6 Productive Things You Can Do With Anger

6 productive things you can do with anger

Anger is complex.

Albeit intense, overwhelming, and at times (for some) debilitating, it is a signal our body uses to send messages between our head and heart. It is a natural response to any trigger, and until you recognize it as such, has the potential to drive you into thoughts and behavior that aren’t reflective of your true character.

Whether it’s injustice, betrayal, or sheer frustration that ignites you inside, remember two things about anger:

  1. Anger is not a real emotion, it is a feeling that indicates there’s something beneath the surface that needs tending to.
  2. It is a completely normal part of being a human being.

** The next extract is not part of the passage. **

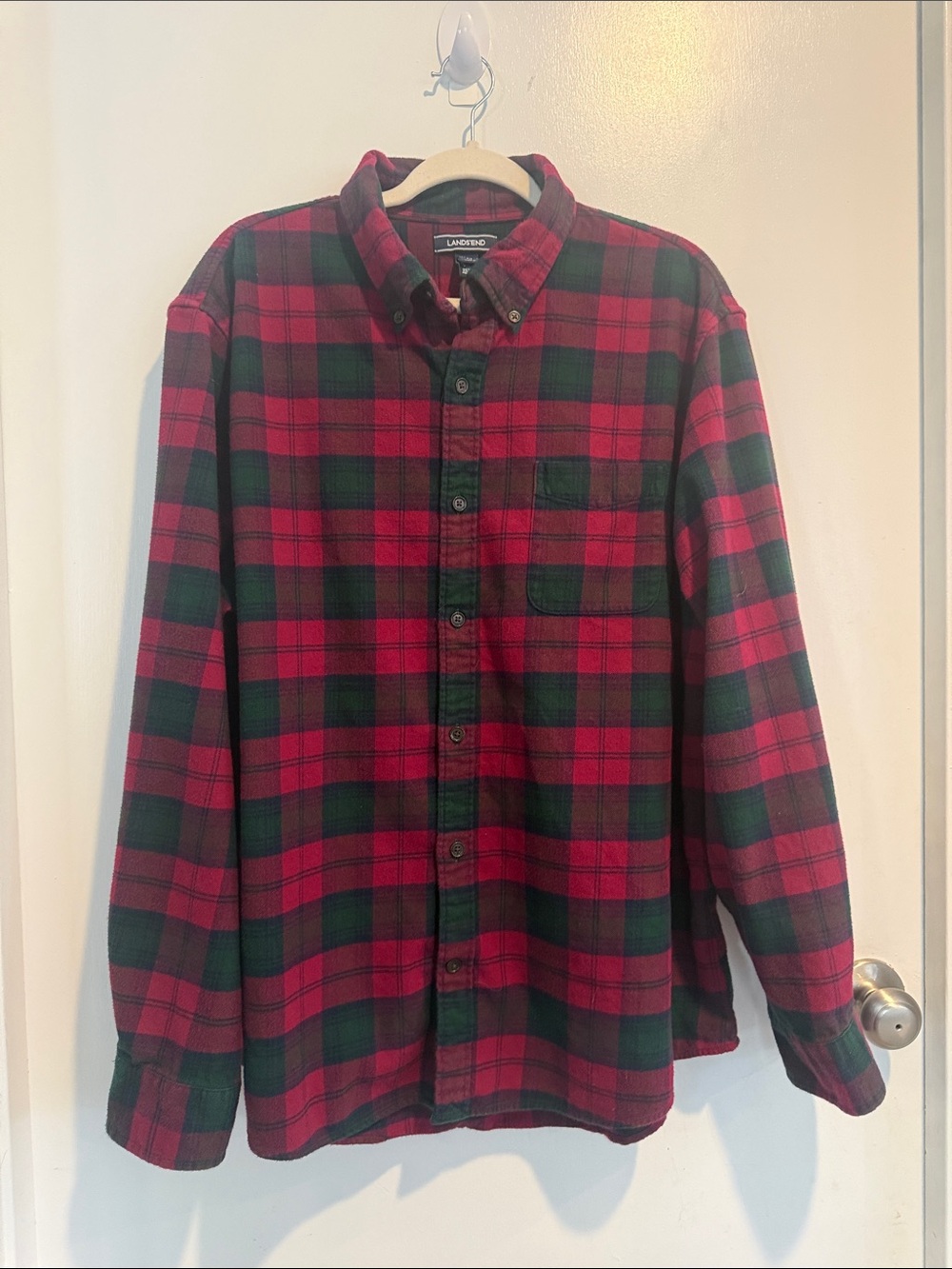 Lands’ End Men’s Xl super thick warm red and hunter green Flannel Shirt - Picture 3 of 11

As I mentioned in this month’s Self-Care Drip email newsletter, we all experience things that trigger us that feel mentally constricting from time to time. This is unavoidable and subject to countless external factors that are out of our control. However, what we do have full control and autonomy over is whether or not we let it fumble the bag.

Get out of your own way

Instead of succumbing to the will of your anger, an alternative way to deal with it is to channel it into something productive.

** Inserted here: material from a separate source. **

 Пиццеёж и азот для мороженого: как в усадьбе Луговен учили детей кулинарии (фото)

Here are six productive things you can do with anger:

1) Name it to tame it

Try personifying your anger. Describe it in the context of a book or movie character. I like to use Scar from Disney’s original Lion King movie as an easy go-to example, but feel free to get creative.

This exercise talks you down off the ledge anger wants you to jump off of. By acknowledging there is a valid, understandable reason for the hurt behind your anger, you make space for the de-escalation process to naturally unfold. For example, in The Lion King, Scar carries his own unhealed trauma and resentment towards his favored brother, Mufasa, from their childhood and is consumed with vengeful feelings that have festered over decades and eventually lead him into destructive behavior that includes betrayal, manipulation, and even murder.

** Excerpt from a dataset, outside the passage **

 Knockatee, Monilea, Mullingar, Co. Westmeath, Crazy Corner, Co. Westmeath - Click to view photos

By identifying the originating source of your anger, you refocus your attention from how you feel to the trauma underneath waiting to be healed. With this in mind, you can take a proactive approach to respond to your trigger rather than an irrational, reactive one.

2) Give it an escape route

Writing about an infuriating situation before acting on it is probably one of the quickest, most effective and accessible ways to be productive with your anger. Doing a quick brain dump to check-in with yourself helps you process your emotions organically.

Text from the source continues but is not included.